[Work to complete] Every line below is to be copied exactly, with the pictures left out.

[Data section]

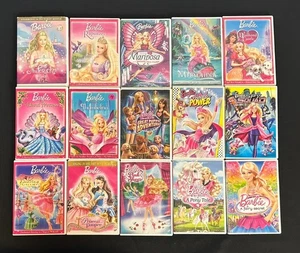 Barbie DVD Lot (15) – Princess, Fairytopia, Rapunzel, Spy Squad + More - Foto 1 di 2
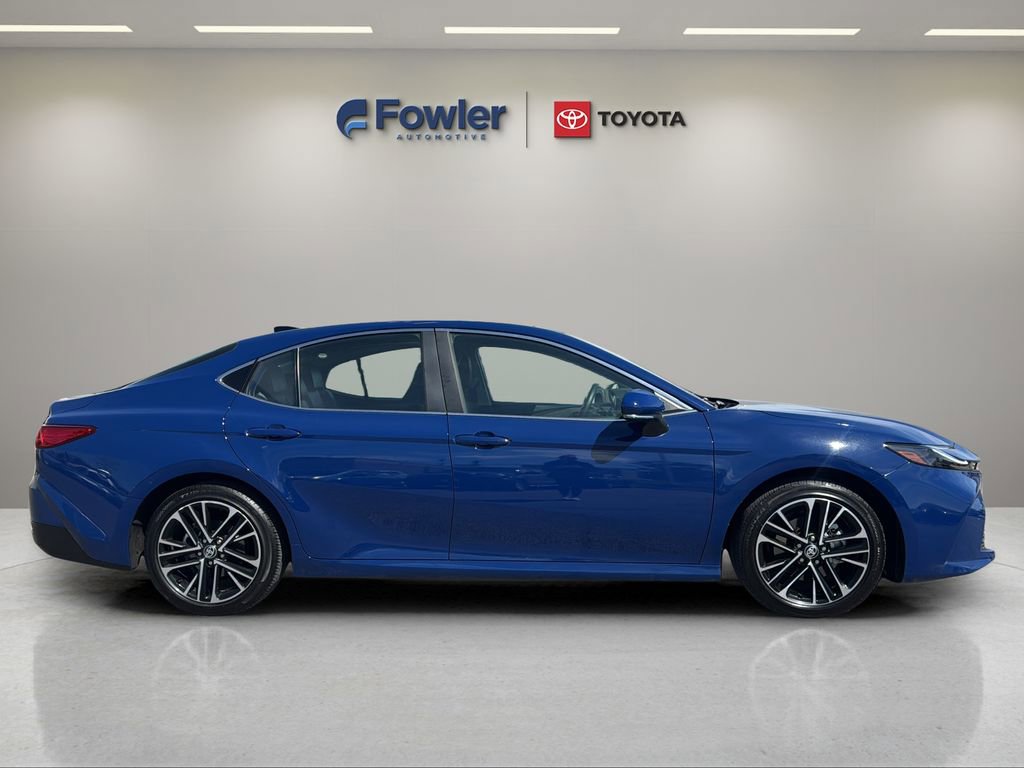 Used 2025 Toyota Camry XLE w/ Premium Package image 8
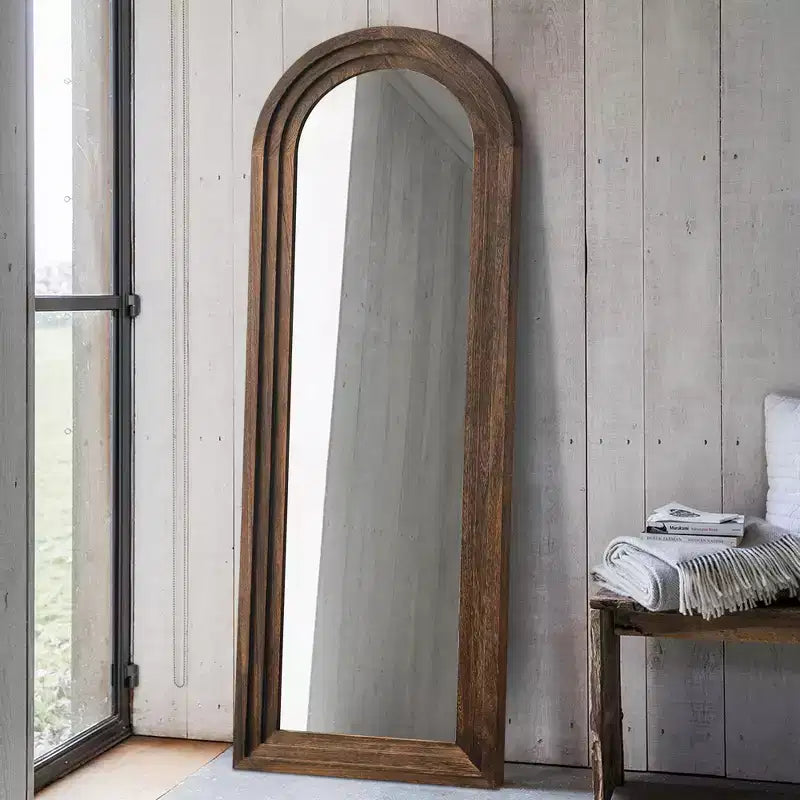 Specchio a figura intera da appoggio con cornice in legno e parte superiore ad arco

[Written response]
 Barbie DVD Lot (15) – Princess, Fairytopia, Rapunzel, Spy Squad + More - Foto 1 di 2
 Used 2025 Toyota Camry XLE w/ Premium Package image 8
 Specchio a figura intera da appoggio con cornice in legno e parte superiore ad arco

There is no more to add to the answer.